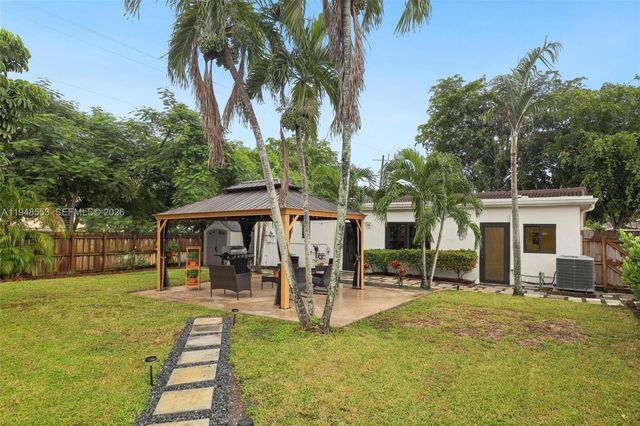 5301 Pierce St, Hollywood, FL 33021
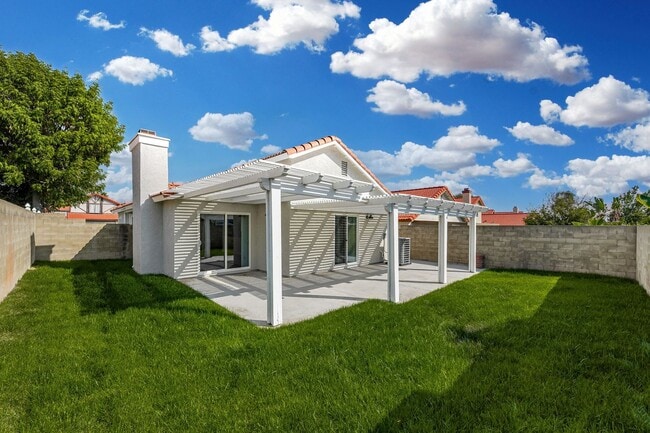 Building Photo - Beautiful Highland Home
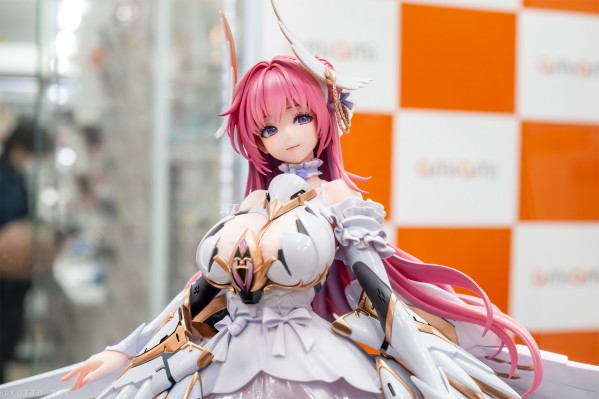 胜利女神：妮姬 桃乐丝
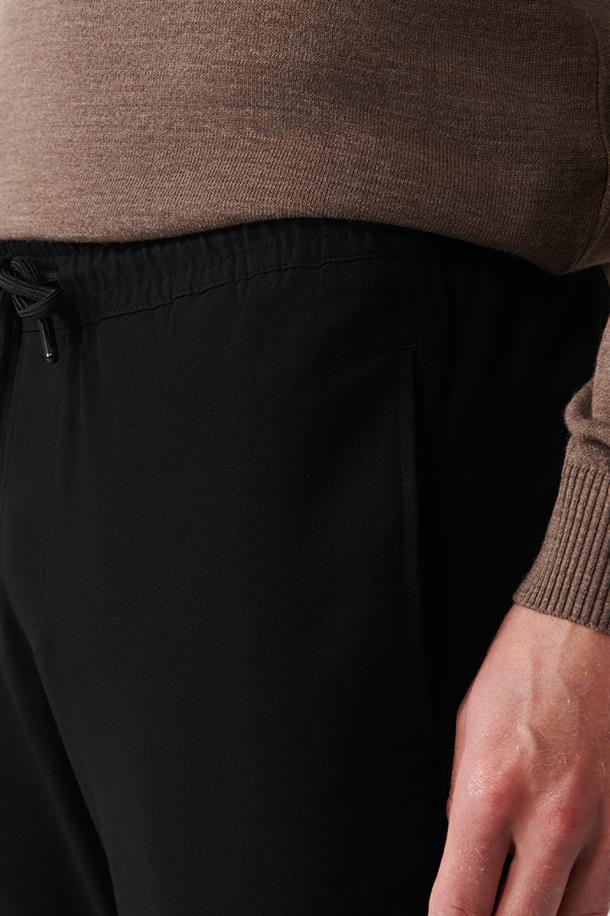 Siyah Yandan Cepli Beli Lastikli Bağcıklı Duble Paça Relaxed Fit Jogger Pantolon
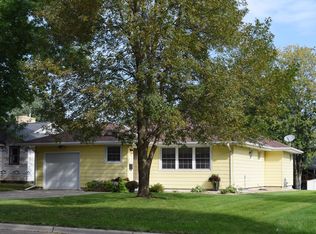 346 McIndoe St, Owatonna, MN 55060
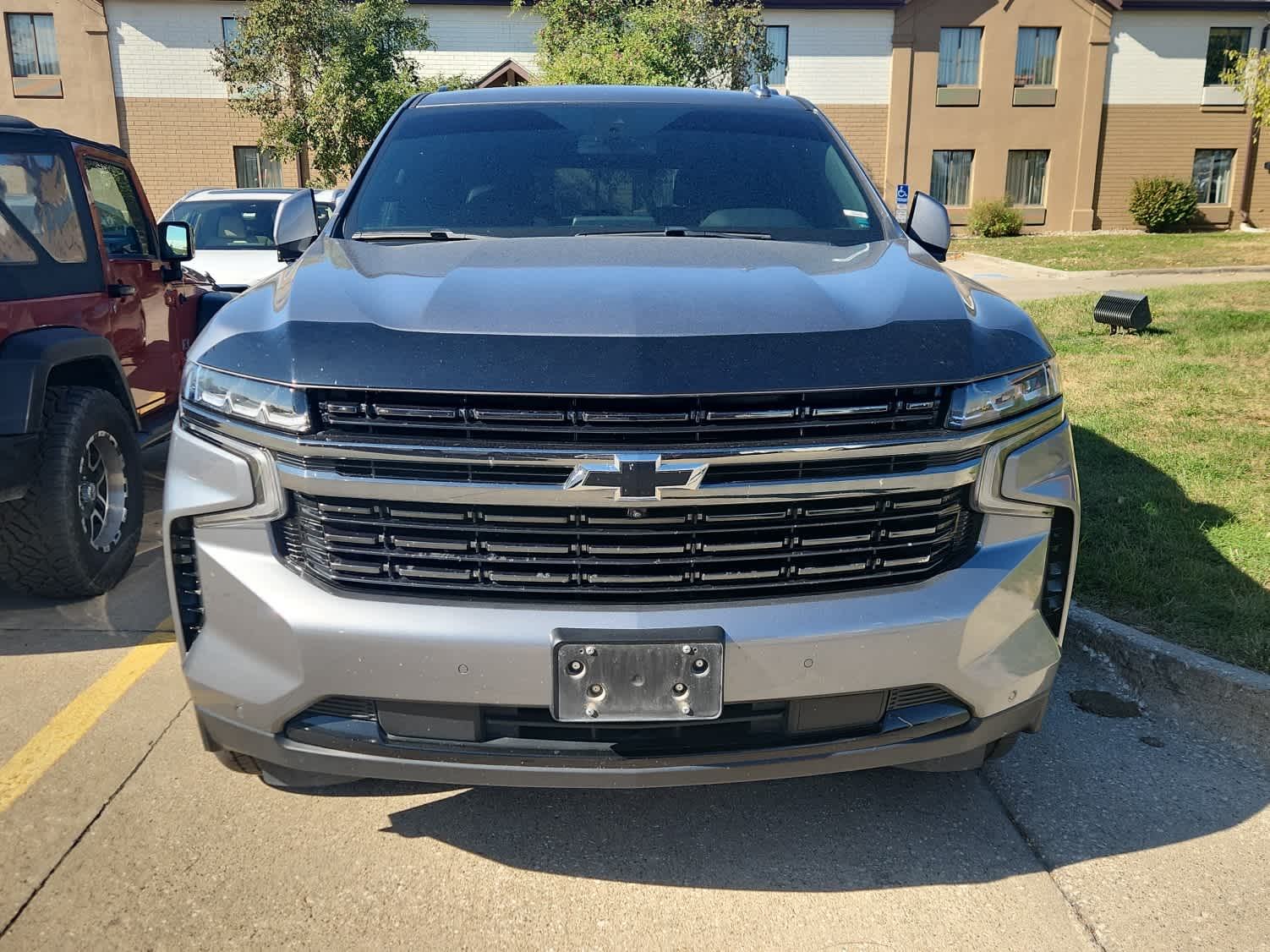 Thumbnail: 2022 Chevrolet Tahoe - 2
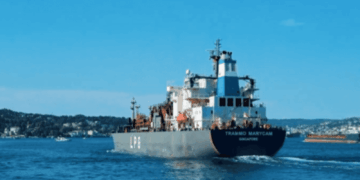 الحوثيون يلوحون بعودة هجمات البحر الأحمر برسالة مصورة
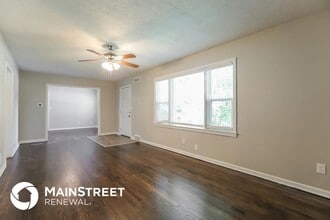 6201 E Red Bridge Rd in Kansas City, MO - Building Photo - Building Photo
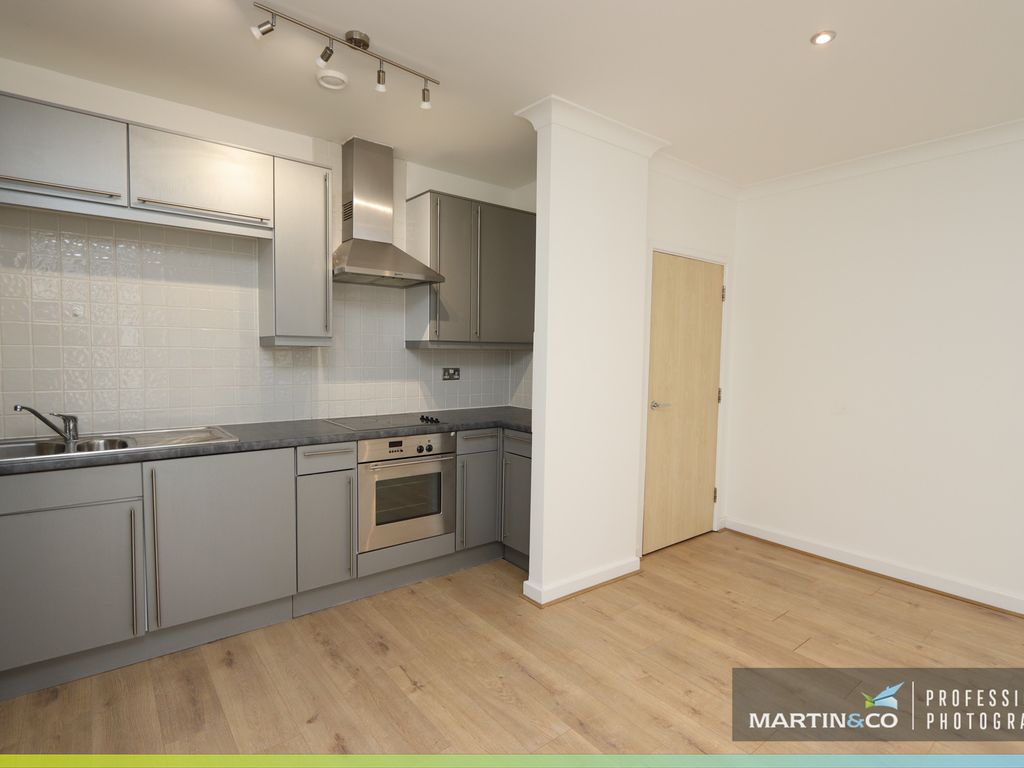 1 bed flat for sale in The Old Brewery, Caroline Street, Cardiff CF10, £115,000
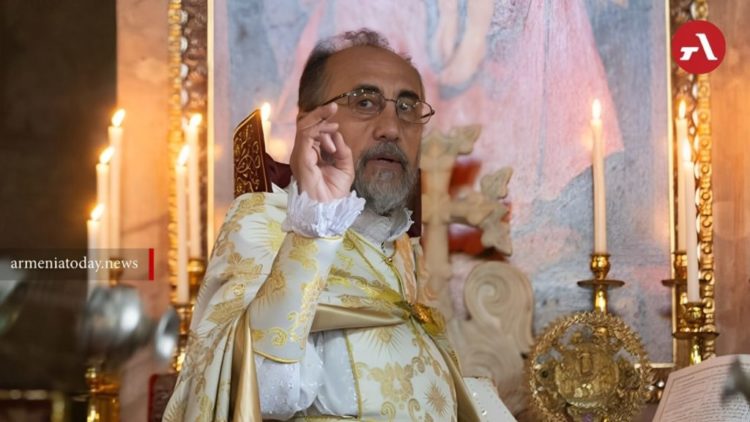 Суд арестовал архиепископа Микаела Аджапахяна на два месяца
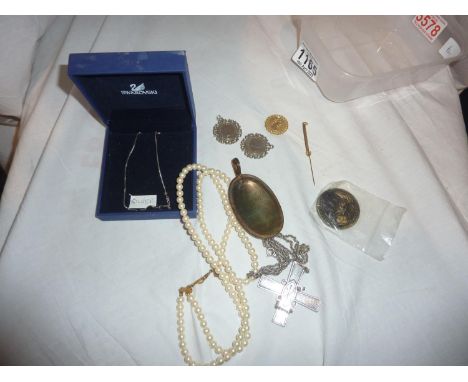 Mixed jewellery including silver. UK P&amp;P Group 1 (£16+VAT for the first lot and £2+VAT for subsequent lots) 
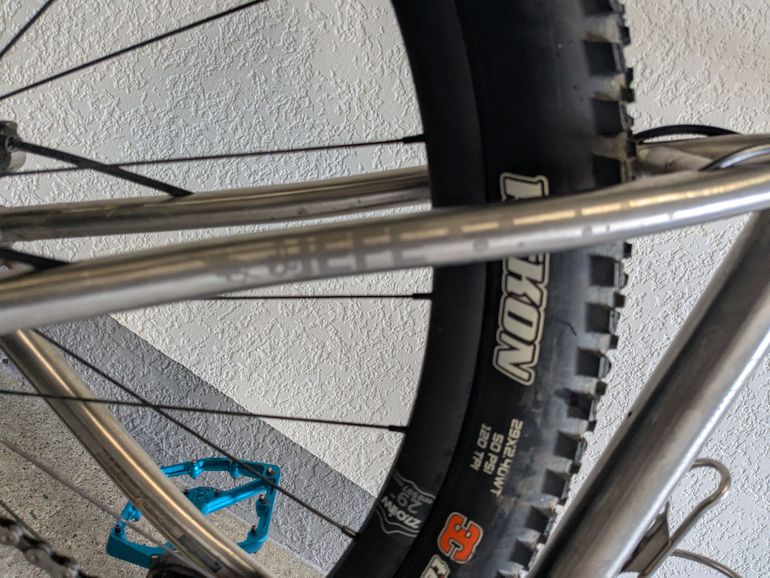 Brugt Revel El Jefe SHIMANO XT 2024 2024 Mountainbike — billede 16 af 18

════════

» **Activity**
Only the line with "1 bed flat for" and those preceding it, back to the first line of the entries, should be repeated exactly, without pictures.

» **Answer box**
 5301 Pierce St, Hollywood, FL 33021
 Building Photo - Beautiful Highland Home
 胜利女神：妮姬 桃乐丝
 Siyah Yandan Cepli Beli Lastikli Bağcıklı Duble Paça Relaxed Fit Jogger Pantolon
 346 McIndoe St, Owatonna, MN 55060
 Thumbnail: 2022 Chevrolet Tahoe - 2
 الحوثيون يلوحون بعودة هجمات البحر الأحمر برسالة مصورة
 6201 E Red Bridge Rd in Kansas City, MO - Building Photo - Building Photo
 1 bed flat for sale in The Old Brewery, Caroline Street, Cardiff CF10, £115,000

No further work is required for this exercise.